On Telling:”What you see and hear depends a good deal on where you are standing: it also depends on what sort of person you are” – C.S. Lewis

“What you see and hear depends a good deal on where you are standing: it also depends on what sort of person you are”

I have not always, in one way or another, wanted to be the type of person who talks a lot. Talking is, essentially, the furthest thing away from experiencing anything as you can get (next to sitting in silence). It’s a good thing to do sometimes because it may be the closest thing we can get to an experience or feeling at any certain time but still, at it’s best, I feel it usually does a poor job as to what it’s intended for. Say you want to describe something about a friend; a good memory with the best one you’ve ever had or how you felt when you lost a good one last year, or the memory about a time riding a bike off into a sunset on the foreign back, unknown, darkening roads of Minnesota with 80 miles till your next known destination. These moments mean a lot to me and never thinking of myself as much of a talker it’s easy for me to shy away from telling much, excuse myself or flatly say I can’t do something justice, letting go of any attempt of getting closer than silence to an experience. Questions are good, curious, hopefully unassuming inquiries about some subject or experience or opinion. Good questions are not hard to come by but good answers, however, are a much more delicate thing. Good answers require the answerer to be good at telling. Telling is a skill I often feel I lack. For my whole life, literally, I’ve not wanted to be the type of person who talks a lot for the sake of talking, but I do grow and learn and share and become a version of myself which is comfortable with doing all those things, because that’s how I think things might get better. By having some vision and tact, keeping replies concise but better than short one word replies of “good” or “fine” when asked a good question about how something was. Because telling is much more than all that.

And through all this telling, here I am. My life has been an interesting bit for a while and I’ve been waiting for the time, the person, or the event in my life where I can say things right. Not for my sake or your sake but for our sake is why we should tell and ask, not so we should talk, as to think and spark interest and eventually do and experience.

I love movies about this, big picture by smaller story, where you learn something about a person and what they think. Movies like Rudy where you learn what he thinks of football and Notre Dame and chasing dreams. At the end you understand Rudy, learn from him, want to be more like him or at least approach things in your own life in the same way he approached things. It reframes things is all and I like that. One of my biggest regrets so far in life is when talking to people, even without meaning to, I regularly muff up opportunities to tell someone what I know or mean or wish they would know. Reframing things isn’t my strong point. I want to get better at this.

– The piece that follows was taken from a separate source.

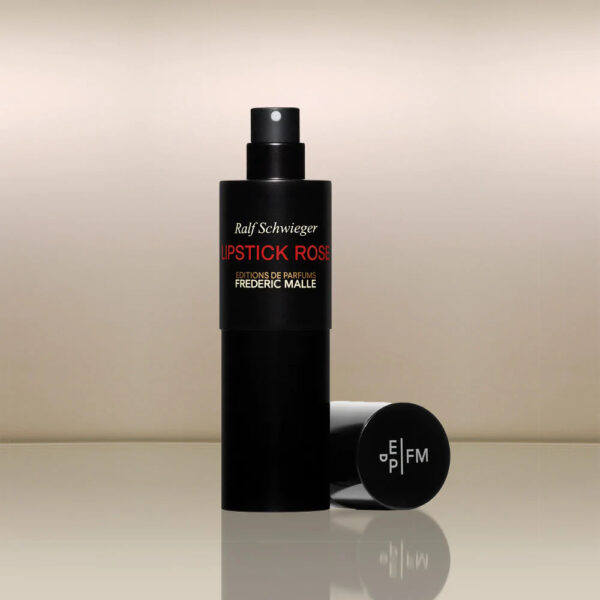 FREDERIC MALLE LIPSTICK ROSE EAU DE PARFUM 100 ML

So I want to practice it. I’ve been writing letters the past couple of weeks, just trying to express in written word to people how life is going, ask them about theirs, while keeping things clear and concise. It’s these impromptu things I am bad at. I’m unprepared mostly and struggle to get the spoken word out, which I’m tired of. So I force myself to sit down and think of things and write to someone, slowly with a pen and paper, letting myself tell without worrying of getting it right instantly or wondering if they’ll like my letter or if I’ll like it. I just tell. So far it’s been good and I want to keep it up.

Here too, I want to keep it up, it would be good to try and explain and tell things more, which might take some time, but hopefully it’ll be good. So if you have a question you’ve wondered just let me know.

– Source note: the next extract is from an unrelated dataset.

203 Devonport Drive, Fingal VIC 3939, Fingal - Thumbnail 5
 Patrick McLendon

In the mean time I’m going to try and tackle the questions which come up over and over again. The first is “So what did you learn about being homeless in Denver”. I’ve quite possibly done the worst job in telling about that in some ways, my answer is always different, so I feel like I’ve let a good bunch of people down when I’ve not focused and just become stressed and given some dumpy answer. If you’ve felt like this about me, I’m sorry. I promise to try and work on it.

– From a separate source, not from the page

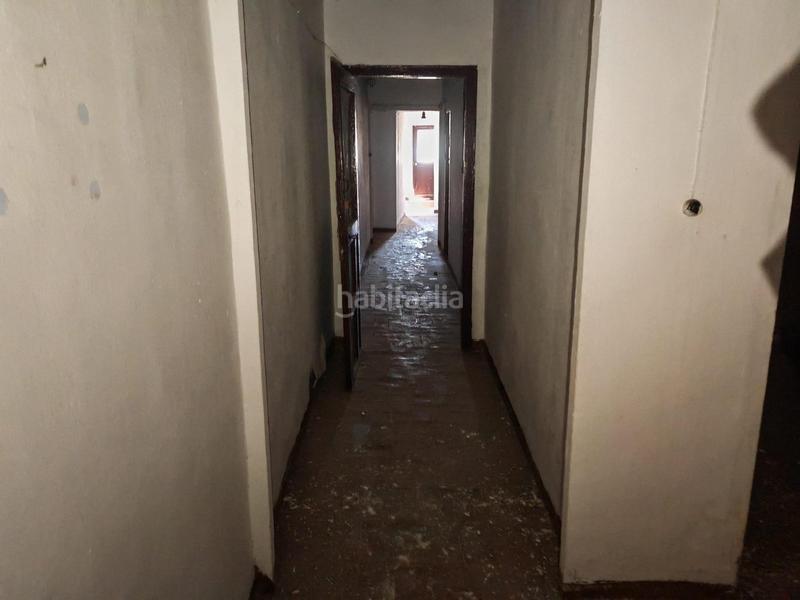 Foto 00682b75-af49-4866-b350-d1398eb36703. Édifice dans Santa Coloma de Queralt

The other thing I’d like to think about also comes up a lot, usually from good people, and I hope I’ve done a better job with this (really I’ve tried here) because it actually matters. My cousin called me the other week asking me the question. She asked what I thought she should do for a homeless woman who asked her for help, the next week another friend asked me the same thing, and I’ve been to Grand Rapids three times in the past couple weeks and each time I’ve been approached and asked for money or dinner or coffee (I seriously think they have it out to make me completely broke) which has all caused me to ask myself about it all. So I want to try telling what I think about those things and responding better than I have.

All in all I have to think about where I am, who I am, then also what I want to tell. I just finished “The Magicians Nephew” by C.S. Lewis today. Great book really. In it there was a thing going on which one character, Digory, saw one way while his uncle saw something completely different. Lewis wrote of the two and how differently they responded “What you see and hear depends a good deal on where you are standing: it also depends on what sort of person you are”

I just think I could do a better job of explaining where I’m standing, what sort of person I want to be, and maybe by practicing it a little good might be had.

Hopefully not just for you, or for me, but for us.